(Source records)

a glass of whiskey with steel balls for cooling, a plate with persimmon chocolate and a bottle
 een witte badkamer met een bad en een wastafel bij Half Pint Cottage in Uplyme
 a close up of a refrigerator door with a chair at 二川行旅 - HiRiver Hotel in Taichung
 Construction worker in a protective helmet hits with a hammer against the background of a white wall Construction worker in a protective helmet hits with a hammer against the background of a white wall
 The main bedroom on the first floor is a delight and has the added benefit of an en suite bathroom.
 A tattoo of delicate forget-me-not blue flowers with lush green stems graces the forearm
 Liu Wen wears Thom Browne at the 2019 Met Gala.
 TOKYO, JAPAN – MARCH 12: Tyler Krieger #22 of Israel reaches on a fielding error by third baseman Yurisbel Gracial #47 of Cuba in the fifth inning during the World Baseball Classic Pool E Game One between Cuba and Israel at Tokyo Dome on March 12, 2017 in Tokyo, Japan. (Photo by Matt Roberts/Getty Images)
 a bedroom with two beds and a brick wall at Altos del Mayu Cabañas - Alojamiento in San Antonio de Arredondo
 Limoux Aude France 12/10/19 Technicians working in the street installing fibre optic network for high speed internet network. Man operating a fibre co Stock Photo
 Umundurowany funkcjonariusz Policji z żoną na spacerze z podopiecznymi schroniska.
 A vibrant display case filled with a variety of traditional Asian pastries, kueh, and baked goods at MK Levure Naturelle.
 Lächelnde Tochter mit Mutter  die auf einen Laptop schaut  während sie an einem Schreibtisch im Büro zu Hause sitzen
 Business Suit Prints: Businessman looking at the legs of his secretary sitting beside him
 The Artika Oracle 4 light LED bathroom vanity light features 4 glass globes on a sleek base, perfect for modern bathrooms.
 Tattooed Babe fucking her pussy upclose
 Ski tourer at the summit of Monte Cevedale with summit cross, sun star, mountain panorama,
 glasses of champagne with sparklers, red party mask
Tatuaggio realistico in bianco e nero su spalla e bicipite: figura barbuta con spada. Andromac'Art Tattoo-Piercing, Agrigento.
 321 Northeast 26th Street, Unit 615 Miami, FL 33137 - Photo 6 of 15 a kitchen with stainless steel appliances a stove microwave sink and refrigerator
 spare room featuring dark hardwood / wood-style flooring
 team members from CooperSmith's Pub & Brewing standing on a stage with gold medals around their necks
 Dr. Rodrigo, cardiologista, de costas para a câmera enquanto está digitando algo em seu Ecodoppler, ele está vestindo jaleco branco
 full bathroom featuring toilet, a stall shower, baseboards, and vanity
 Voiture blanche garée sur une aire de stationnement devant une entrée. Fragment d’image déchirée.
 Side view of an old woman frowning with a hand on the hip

Activity
Each line above that contains the word "refrigerator" should be copied.

Solved exercise
 a close up of a refrigerator door with a chair at 二川行旅 - HiRiver Hotel in Taichung
 321 Northeast 26th Street, Unit 615 Miami, FL 33137 - Photo 6 of 15 a kitchen with stainless steel appliances a stove microwave sink and refrigerator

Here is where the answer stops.